Swaminathan had a distinguished educational background. He pursued his BSc at the University of Kerala and Tamil Nadu Agricultural University. He completed his MSc from the Indian Agricultural Research Institute (IARI) and was a UNESCO Fellow at Wageningen Agricultural University. Subsequently, he earned his PhD from the University of Cambridge and undertook post-doctoral studies at the University of Wisconsin. In a defining decision, he declined a faculty position in the USA, choosing to return to India in 1954 to drive impactful change in his homeland. Subsequently, he served the Central Rice Research Institute, IARI, and then the Indian Council of Agricultural Research as well as international organizations in various roles. He served as Director of the Indian Agricultural Research Institute (1966-72), Director General of ICAR and Secretary to the Government of India, Department of Agricultural Research and Education (1972-79), Principal Secretary, Ministry of Agriculture (1979-80), Acting Deputy Chairman and later Member (Science and Agriculture), Planning Commission (1980-82) and Director General, International Rice Research Institute, the Philippines (1982-88). One of his most pivotal roles came in 2004 when he was appointed chair of the National Commission on Farmers. This commission was established in response to rising farmer distress and alarming rates of suicides among farmers. The commission’s report, submitted in 2006, made several recommendations. A prominent suggestion was that the minimum selling price (MSP) should be at least 50% above the weighted average cost of production.
Farmers’ friend
Swaminathan was a steadfast advocate for smallholder farmers and sustainable farming practices. He passionately believed in harnessing the power of science to uplift the marginalized. As a staunch supporter of equipping farmers with the knowledge and resources they need, he envisioned a holistic approach to agriculture. This approach emphasizes the significance of preserving biodiversity, conserving natural resources, and adopting environmentally friendly farming techniques. To further this cause, he founded the MS Swaminathan Research Foundation (MSSRF) in 1988. Since its inception, he had been dedicatedly serving and, in recent times, guiding MSSRF in its mission to develop and promote strategies for economic growth. These strategies are primarily aimed at increasing the employment opportunities for impoverished women in rural areas.

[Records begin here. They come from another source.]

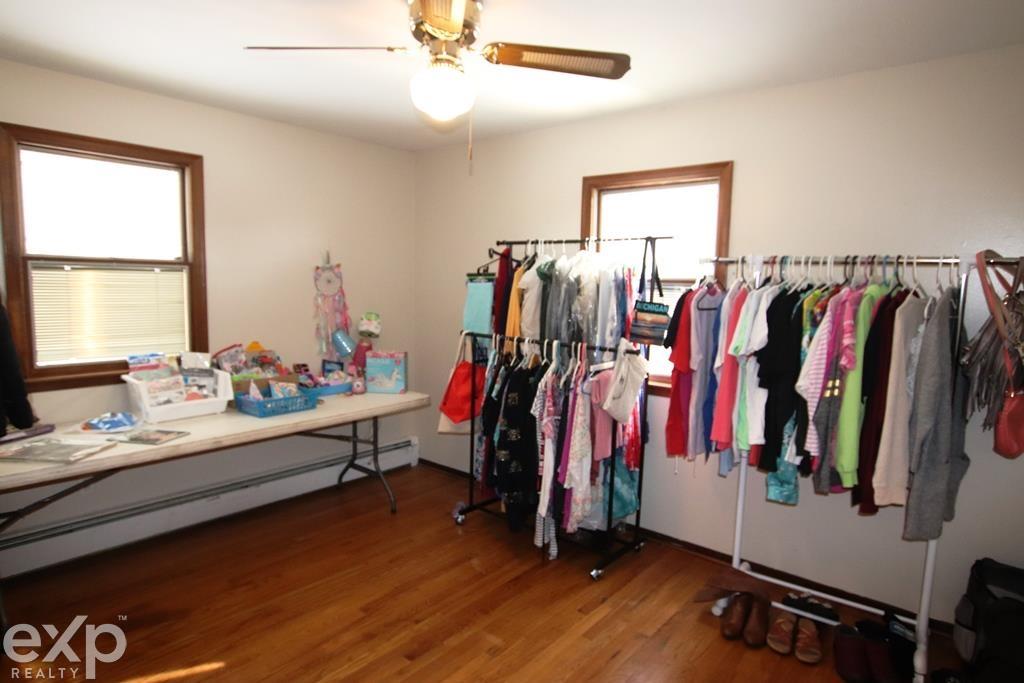 60 Riverside Drive Mount Clemens, MI 48043 - Photo 13 of 24 50199718-e4ca81e5-7def-4999-9beb-e709416f6b83.JPG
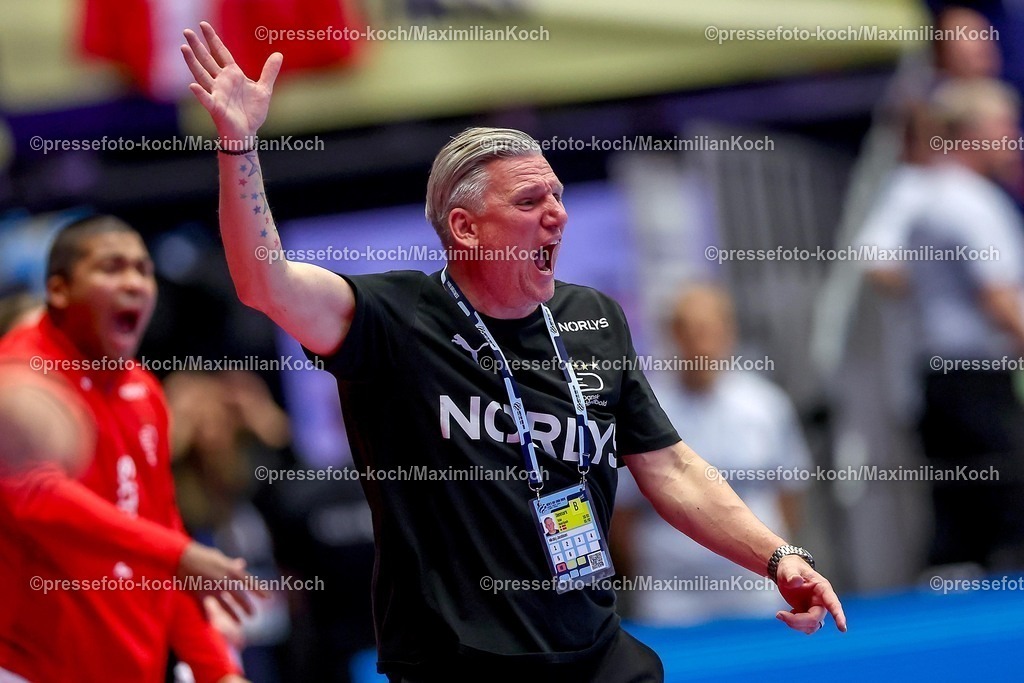 EHF20012602093 | 20.01.2026, Handball, Men's EHF EURO 2026, Dänemark - Portugal, Jyske Bank Boxen in Herning, Dänemark, Preliminary Round:  Headcoach Nikolaj Jacobsen (Denmark #hc) gestikulierend am Spielfeldrand  nach Foulspiel von  Victor Manuel Iturriza Alvarez (Portugal #08) an  Mathias Gidsel (Denmark #19) 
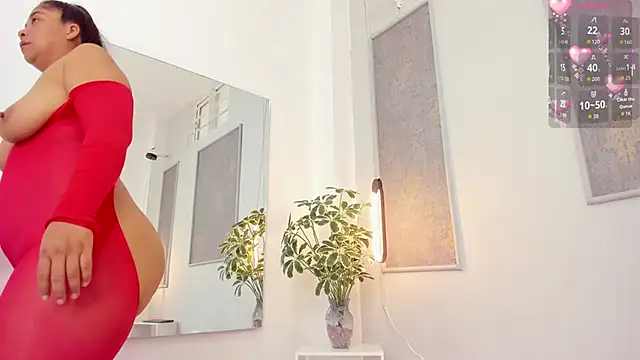 lannarusso  online show from 12/02/25, 11:45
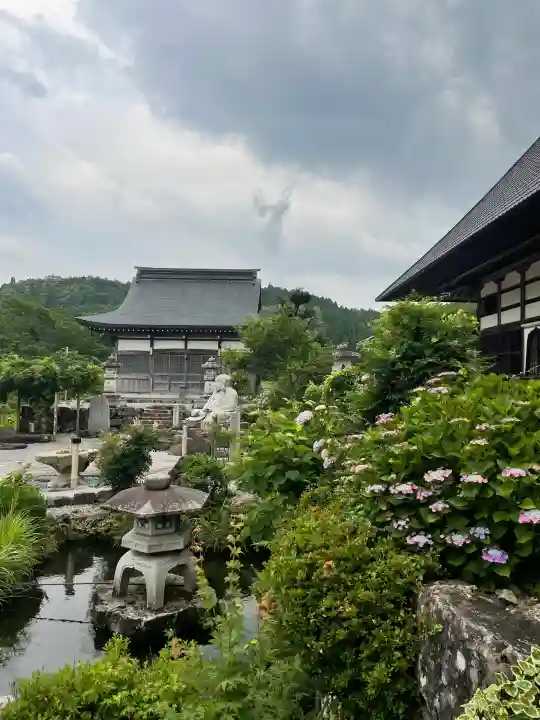 全長寺の{uncategorized: "未分類", other: "その他", undefined: "問題あり", building: "その他建物", grave: "お墓", sacred_gate: "鳥居", guardian: "狛犬", statue: "像", buddha: "仏像", history: "歴史", nature: "自然", garden: "庭園", animal: "動物", pagoda: "塔", temizu: "手水舎", mountain_gate: "山門・神門", sanctuary: "本殿・本堂", subordinate: "末社・摂社", art: "芸術", scenery: "景色", jizo: "地蔵", ema: "絵馬", goshuin: "御朱印", omikuji: "おみくじ", items: "授与品その他", amulet: "お守り", goshuincho: "御朱印帳", eats: "食事", festival: "お祭り", votive_dance: "神楽", shichigosan: "七五三参", wedding: "結婚式", experience: "体験その他", initially: "初詣", around: "周辺", anti_infection: "感染症対策"}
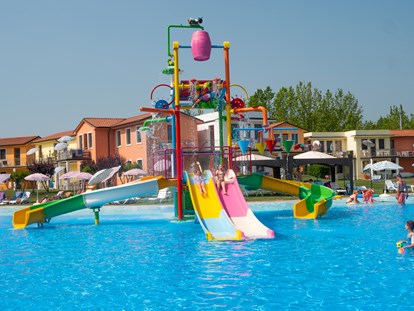 Familienhotel - Pools: Außenpool nicht beheizt - Gardasee - Gasparina Village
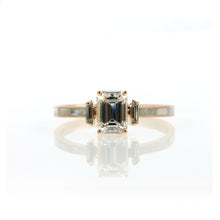 Load image into Gallery viewer, Jumlah Sparkle Emerald cut MOP
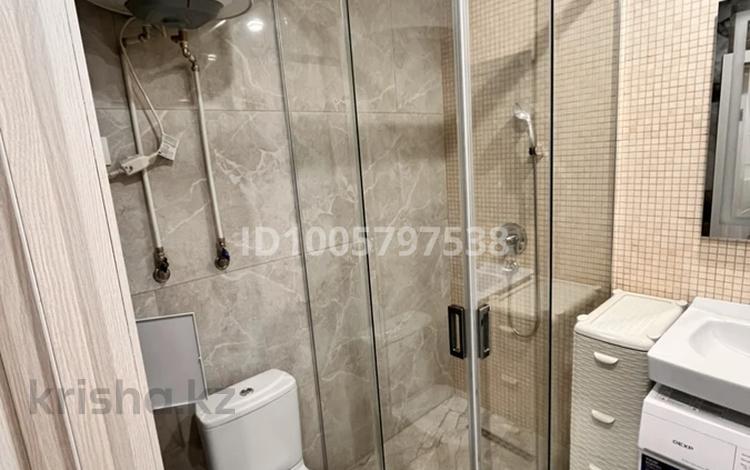 2-бөлмелі пәтер · 36 м² · 4/5 қабат, Жаңа қала ш/а., Пичугина 248 — 45 квартал, бағасы: 250 000 ₸ в Караганде, Казыбек би р-н — фото 2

A lodestar for Indian scientists
Having Swaminathan as an inspiration in my early career (my PhD in India and Post-doc in Germany) and then a mentor and guide since joining ICRISAT in 2005, has been a privilege and instrumental for my research career. His humility, warmth, and passion for agriculture were palpable. He was always eager to listen to young scientists, to encourage new ideas, and to guide them on the path of innovation. I learnt the importance of interdisciplinary research and collaboration from him as he always emphasized that the challenges of agriculture required a holistic approach. That’s what I adopted during my tenure at ICRISAT for 17 years (2005-2022) and continue to deploy at Murdoch University.

I first met Swaminathan during my early days as a PhD student when I attended a conference organized by him and the late Lalji Singh at MSSRF in 1999. At that conference, I received the Best Poster Award (along with a cash prize of Rs 2000!) from Swaminathan. It remains one of the most joyous moments of my life. I then met him again in 2000 at the 2nd International Crop Science Congress in Hamburg, Germany. While I was in Germany from 2001 to 2005, I stayed in touch with Swaminathan through letters and emails. However, after joining ICRISAT in 2005, I had the privilege of interacting with him more frequently. Our numerous meetings and interactions took place at ICRISAT, MSSRF, and other locations in India and abroad. I invited him to deliver keynote speeches at several international conferences. Similarly, I attended many meetings organized by Swaminathan at MSSRF in Chennai.
Swaminathan’s life was remarkable, marked by dedication, innovation, and a profound love for the land. I recall an interaction with him during an FAO meeting in Bangkok in 2016. Despite being on a wheelchair, he was among the invited experts. Considering his advanced age and mobility challenges, I said, “Sir, you have already contributed so much to international agriculture. Perhaps you shouldn’t strain yourself by travelling so extensively.” Before I could finish, he replied, “Rajeev, interacting with young minds like yours at scientific meetings keeps me abreast of the latest advancements in agricultural science. That’s what motivates and energizes me to travel at this age.” He added, “I can’t imagine just sitting in my office when I believe I can still make a contribution to society.”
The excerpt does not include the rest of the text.